WARNING: daemon is not using the default seccomp profile

Diagnostic ID 5B33B463-4C86-4594-87CA-F627D88F8EE5/20240529135858

jeremy-london avatar May 29 '24 14:05 jeremy-london

Rats downgraded to v4.29.0 and same error - Docker ran fine for just under 4 hours and then crashed again and process hung

New Diagnostic ID: 5B33B463-4C86-4594-87CA-F627D88F8EE5/20240529235916

jeremy-london avatar May 30 '24 00:05 jeremy-london

@jeremy-london do you have a docker-compose (which you can share) which could help us reproduce the issue?

jpbriend avatar May 30 '24 15:05 jpbriend

@jpbriend Sure! -- In an effort to try something new I reduced the resource limits to only use 6 out of 11 cpu cores, and tweak my python code to use 5 max workers -- previously i was using 11 cpu cores in the resource limit (max of my machine), and my python script was running 15 max worker threads.

This worked for around 15 hours before crashing like the previous examples.
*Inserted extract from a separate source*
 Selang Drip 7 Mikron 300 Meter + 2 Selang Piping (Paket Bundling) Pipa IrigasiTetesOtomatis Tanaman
New Diagnostic ID: 5B33B463-4C86-4594-87CA-F627D88F8EE5/20240530155458

Here is a sample project that simulates what i've got running (Selenium Grid w/ node-docker)

README for Selenium Grid

The goal was to use the node-docker to dynamically create a chromedriver image, then with the python script be able to process multiple URLs at a time (as the core selenium drivers are not thread safe.. this moves the problem to the docker runtime and allows 1 driver per process).. which works great! but sometimes crashes docker desktop...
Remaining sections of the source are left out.